The One He Married #1

They dated in high school, and they got married soon after. The day of the wedding his mom went up to the hotel room that #1 “J” had, to get ready. “J” didn’t answer the door for well over a half hour. Not only did she cheat that day, but she had been cheating, and he still went through with the wedding. He was going to go on the honeymoon to South Carolina by himself but she insisted upon coming with. One of his favorite stories is telling people that he spent his whole honeymoon drinking strawberry moonshine in a hot tub, screaming at her to shut up. And he wants to go paint balling in the wedding dress, that he still has. “J” cheated on him again, during the marriage, with one of her college classmates, who was married with a family. He caught them in the act on more than one occasion and went so far as to confront the other man at his house, in front of his wife. “J” started the house on fire. She piled a bunch of phone books on top of the stove and started a fire in the kitchen before leaving. He slept in his car for something like 3 months, in the winter time, while they fixed the house. “J” also parked the Grand Marquis in middle of the back yard, with the keys locked inside. He loved that he drove the car, which he trashed (because she loved it so) to the divorce hearings, and she got to see how bad it looked.

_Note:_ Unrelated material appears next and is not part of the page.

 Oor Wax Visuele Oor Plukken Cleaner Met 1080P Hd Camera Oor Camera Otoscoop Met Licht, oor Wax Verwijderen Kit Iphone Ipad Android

So I had my doubts. It put me off how much he talked about #3, and that she was “crazy”. I thought we probably were not  in the same place, that he likely wasn’t ready for a relationship. Even still, I kept seeing him for the next month, usually at least once or twice a week. We talked every day, via text. I got texts every morning and every night from him. He was very consistent, and the attention was nice. Yet every time we were together he would say something about “P”. Every time. He always brought her up in conversation. She’s still texting him, he’s had to tell her to stop or he’ll change his phone number. She’s threatening him via text. About a month in, him and I became sexual. Two weeks later, at Christmas he’d told me that he’d gotten drunk and was texting “P”. He didn’t initiate it, but was responding to her, which he usually (supposedly) didn’t do. That, of course, made me feel like crap. His behavior towards me otherwise was very attentive, and affectionate. When my heat wasn’t working properly in the middle of winter at my apartment he asked if me and my daughter wanted to spend the night. I passed, and went and got a space heater instead.

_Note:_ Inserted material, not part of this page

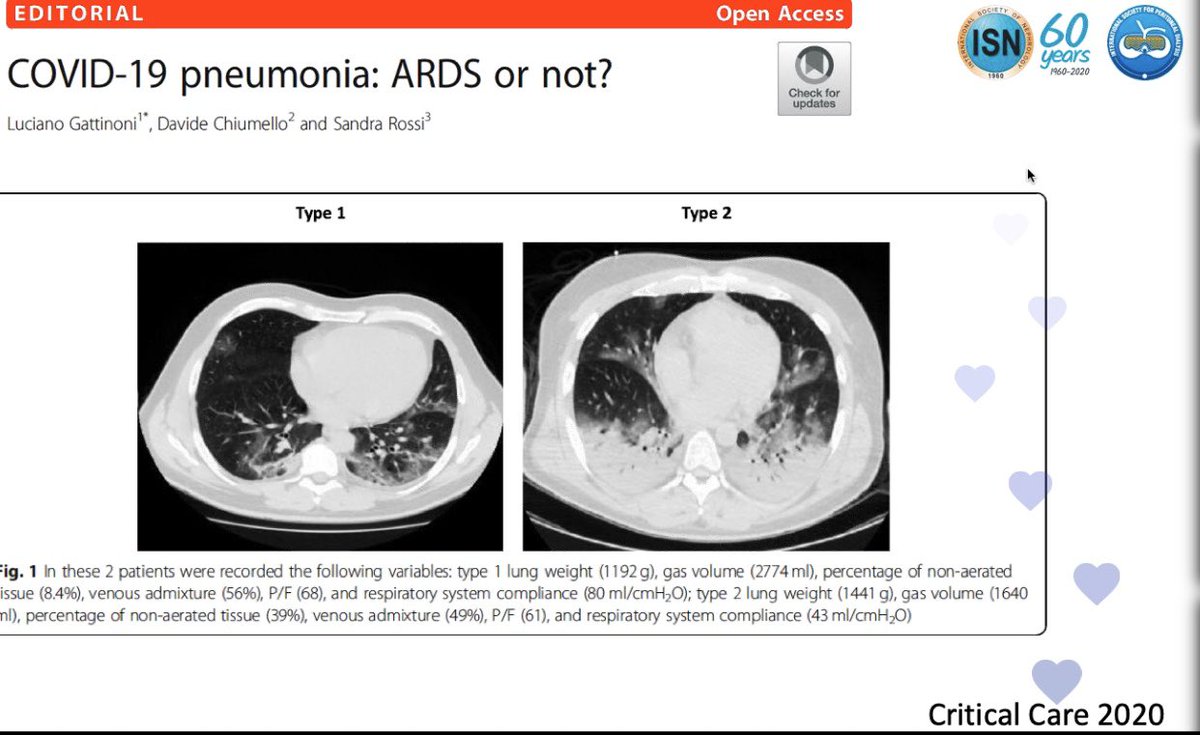 2 types of lung involvement in COVID19 pneumonia Type 1 Near normal pulmonary compliance with isolated viral pneumonia type 2 -Decreased pulmonary compliance https://ccforum.biomedcentral.com/articles/10.1186/s13054-020-02880-zProne ventilation sometimes helpfulFluid balance not easy – even in the ICU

Before him, I hadn’t dated anyone for a very long time. My youngest is 13 years old, and she had never seen me with someone for her entire life. I have various reasons for this. I’m super paranoid who I have around my children, platonic friends included. I don’t think you can be too careful nowadays. I’ve read too many news stories about the boyfriend/close family friend who beat/killed/raped/molested someones child. That is NOT going to be my kids, not if I can help it, and definitely not someone who I invited to be in my children’s lives. I have made bad relationship choices in the past, emotionally abusive and then physically abusive. I decided to focus on raising my kids by myself and trying to fix me. I made a decision a long time ago that I would not have any guy I date around my children unless the relationship is serious and has a future. I do background checks on anyone I consider, including looking them up on the sex offender registry. He passed all these checks, and I figured he would, because of his job as a corrections officer.